------ STORED DATA ------

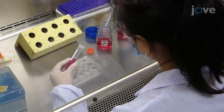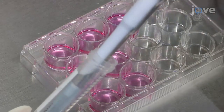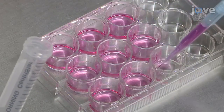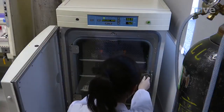After counting, dilute the cells to a 2 x 10⁴ cells per milliliter concentration. Seed 1 milliliter of stem cells onto 1 poly-D-lysine coated coverslip per well in 9 wells of a 12-well cell culture plate. Check the cell density under a microscope and return the cells to the incubator for 12 hours.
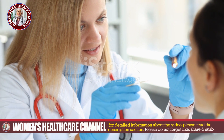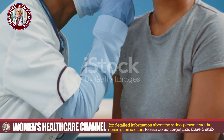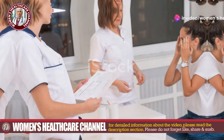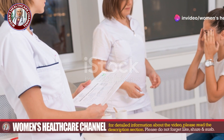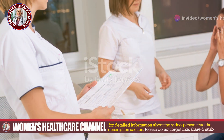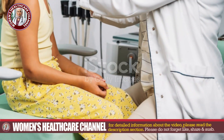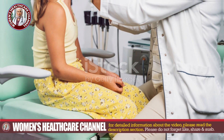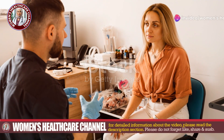Remember, prompt removal is essential to prevent complications like secondary bacterial infections or damage to the ear canal and tympanic membrane. Seek professional assistance if the infestation is severe. Educate the patient on keeping the ear clean and dry, and the importance of completing the prescribed antibiotic course.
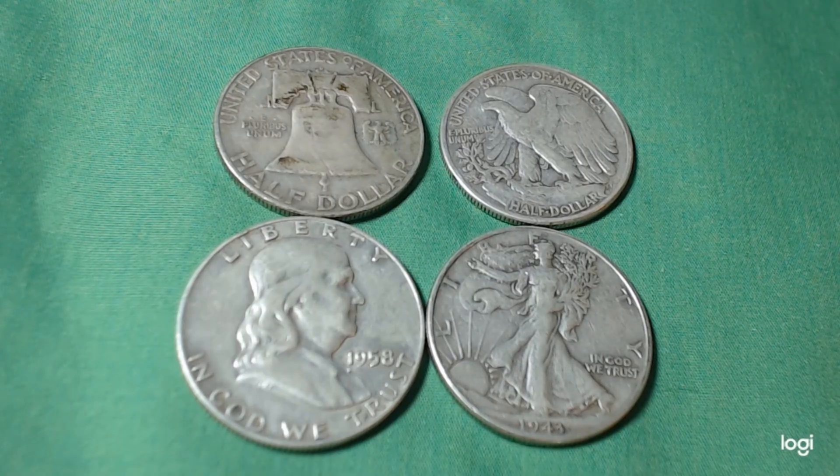Hi, this is Gene of Gene's Social Juniors channel. I got a quick one for you today — I got some 50-cent pieces here. The way I got them set up: the ones on the right have the fronts on the bottom and the backs above. On the left is the Franklin, with the front showing and the back above it.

------

• INSTRUCTIONS FOR THE TASK: Reproduce the listing word for word and omit its pictures.

• SOLUTION FOR THIS EXERCISE:
After counting, dilute the cells to a 2 x 10⁴ cells per milliliter concentration. Seed 1 milliliter of stem cells onto 1 poly-D-lysine coated coverslip per well in 9 wells of a 12-well cell culture plate. Check the cell density under a microscope and return the cells to the incubator for 12 hours.
Remember, prompt removal is essential to prevent complications like secondary bacterial infections or damage to the ear canal and tympanic membrane. Seek professional assistance if the infestation is severe. Educate the patient on keeping the ear clean and dry, and the importance of completing the prescribed antibiotic course.
Hi, this is Gene of Gene's Social Juniors channel. I got a quick one for you today — I got some 50-cent pieces here. The way I got them set up: the ones on the right have the fronts on the bottom and the backs above. On the left is the Franklin, with the front showing and the back above it.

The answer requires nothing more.